Violetta is a young noblewoman with a story to tell. She and her companion, Feste, arrive in London looking for succor, and for an icon native to her country and the town that her father once ruled. Taking shelter with Sir John Falstaff and his wife, she finds her host poor and dying. His once-great house is in shambles, much as her country is, and only his wife remains to tend him in his illness.

But through him, Violetta and Feste meet William Shakespeare, and he slowly draws out of them the story of their escape from Illyria and the actions that set its collapse into motion- the marriage of Violetta's parents, and her uncle and his wife. The most trouble, it seems, came from the fact that the "man" that her aunt by marriage had fallen in love with was not, in fact, Violetta's uncle, but her mother, who was her uncle's twin, and pretending at the time to be a man.

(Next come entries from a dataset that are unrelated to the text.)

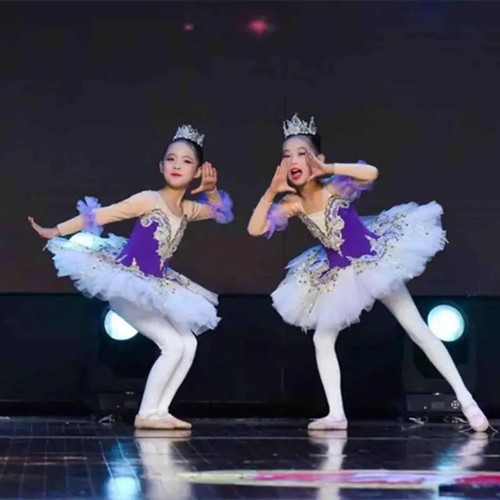 Flower Professional Ballet Ballerina Party Dance Costume Balett Dress - Picture 19 of 38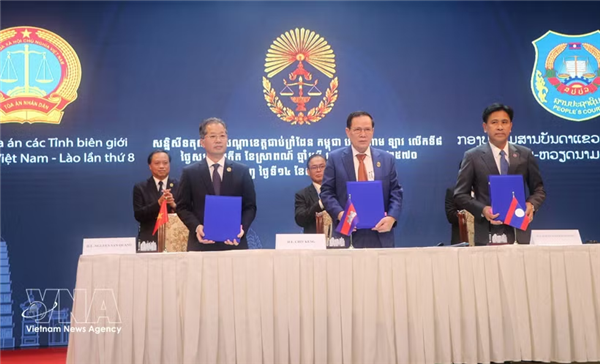 越柬老边境法院会议在柬埔寨举行 推动三国司法合作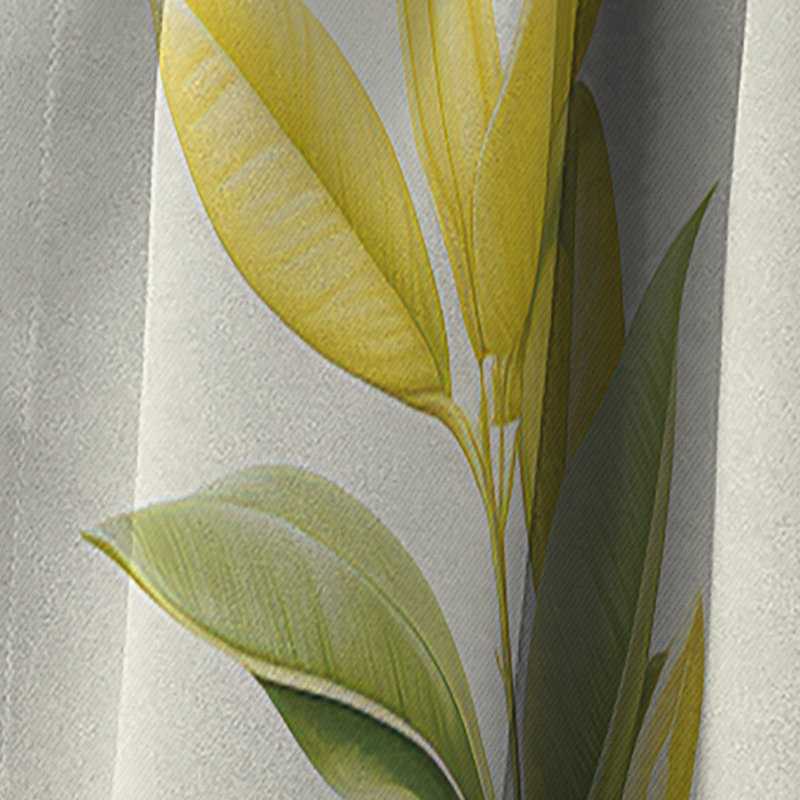 Mikel - Rideau à feuilles - Rideau occultant à motif floral - 1 panneau, L 52 po x L 95 po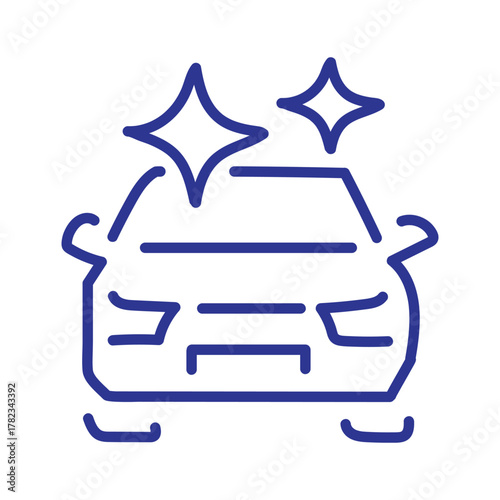 Clean car shining brightly after a wash, sparkling with cleanliness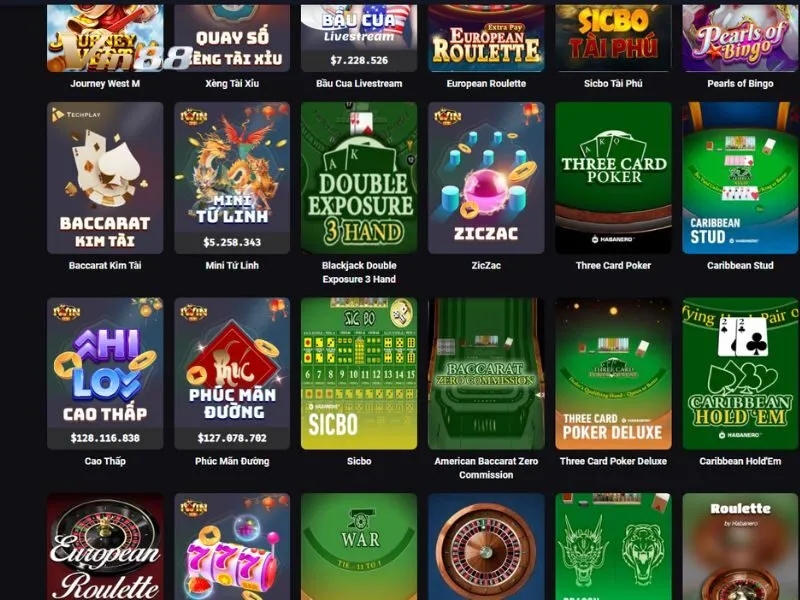 Three Card Poker nằm tại danh mục Table Game
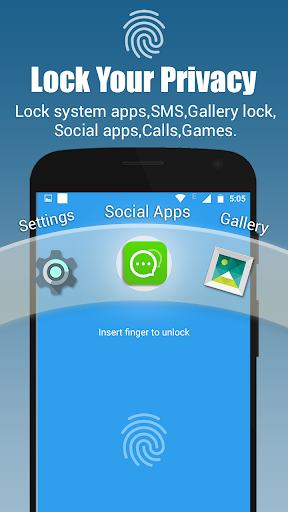 App lock - Real Fingerprint, Pattern & Password - Image screenshot of android app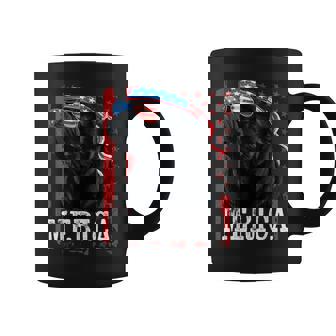 Black Pug 4Th Of July Dog Mom Dog Dad Merica Usa Flag Coffee Mug - Monsterry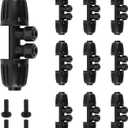 Kalolary 10PCS 1/2'' to 1/4'' Barbed Tee Quick Connector, Push-to-Fit Drip Irrigation Fittings Anti-Leak Locked Splitter Fitting for Irrigation Tubing with 4-Way Connector& 4 Plugs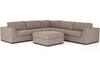 Cherise 3-Piece Sectional with Ottoman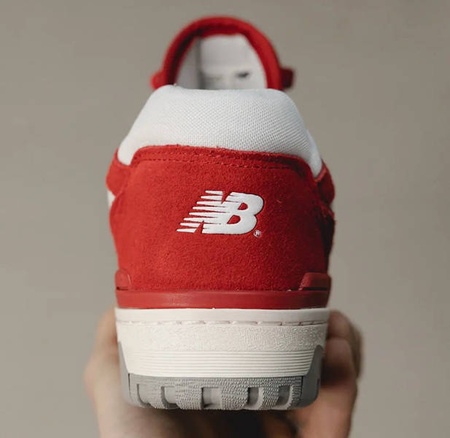 Buty New Balance BB550VND Suede Pack Red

Even after their respective marriages, the two women remained unusually close, and Violetta's uncle spent much of his time at sea, apparently feeling somewhat cuckholded by his own sister, even though the two women were not lovers, simply close. Then, one morning, Violetta's mother disappeared, her clothing left on the beach as if she had merely gone for a swim and never returned. Her husband searched for her for weeks, and finally have an empty coffin an elaborate funeral in her stead.

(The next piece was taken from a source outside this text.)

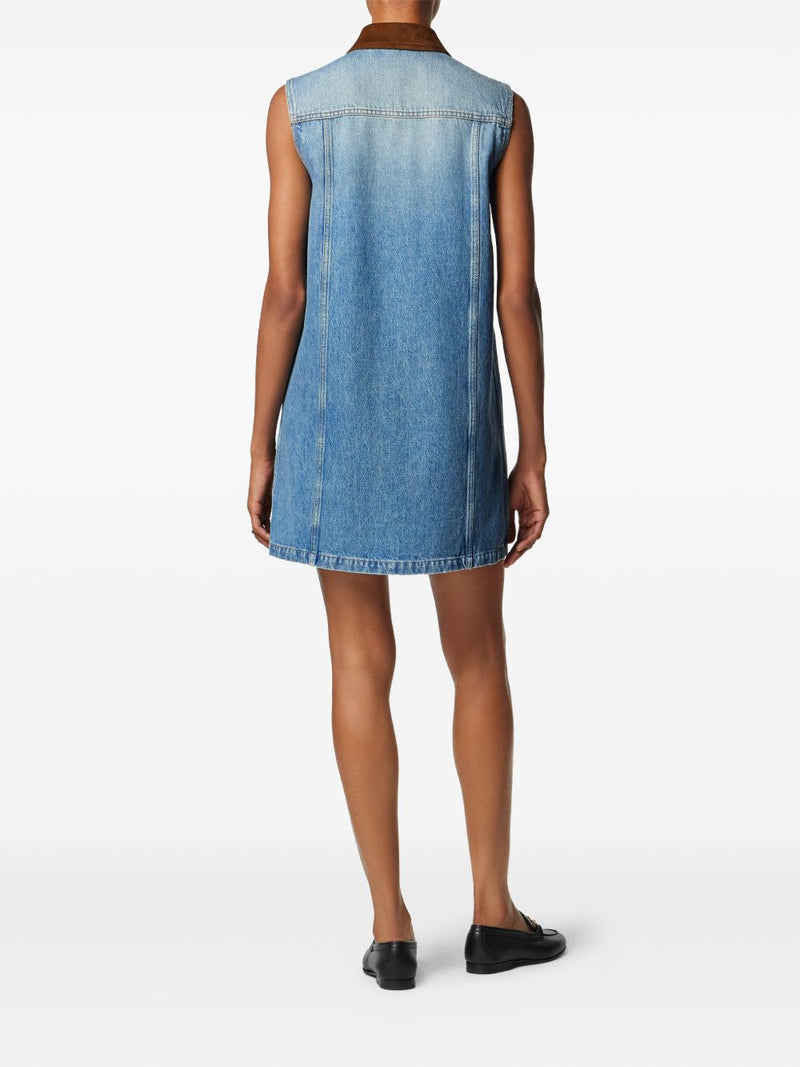 Versace Denm cotton dress | Urbalenti™ NYC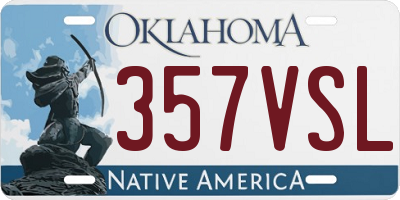 OK license plate 357VSL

Her friend, Olivia, the woman who had married Violetta's uncle Sebastian, went into deep mourning for her friend, and once more Sebastian abandoned her, leaving the men of his retinue behind, who sent the household into a complete shambles. When only two servants were left, he came back and banished them, but his plans for the city were not over yet.

Meanwhile, in the present, Sebastian has come to London, but also Stephano, the young man who Violetta loves. As Sebastian has taken rulership of Illyria, the Queen's Spymaster contacts Shakespeare to have him keep an eye on Violetta and Feste and to ensure that their conflicts don't carry over to England.

But even Will Shakespeare and the Queen's spymaster can't keep the odious Sebastian from attacking Violetta and Feste in England. While Violetta must deal with Sebastian, and Feste's jealousy of the relationship with Stephano, who he doesn't trust, but whom Violetta loves above all else. As love, frustrated love and bitter jealousy and hatred clash in the characters, Will must help Violetta stay alive and find the missing artifact that Violetta has vowed to bring home. But can he keep her safe from Sebastian's thugs, and his plan to sell her into prostitution in Italy once again, which she just barely escaped the first time?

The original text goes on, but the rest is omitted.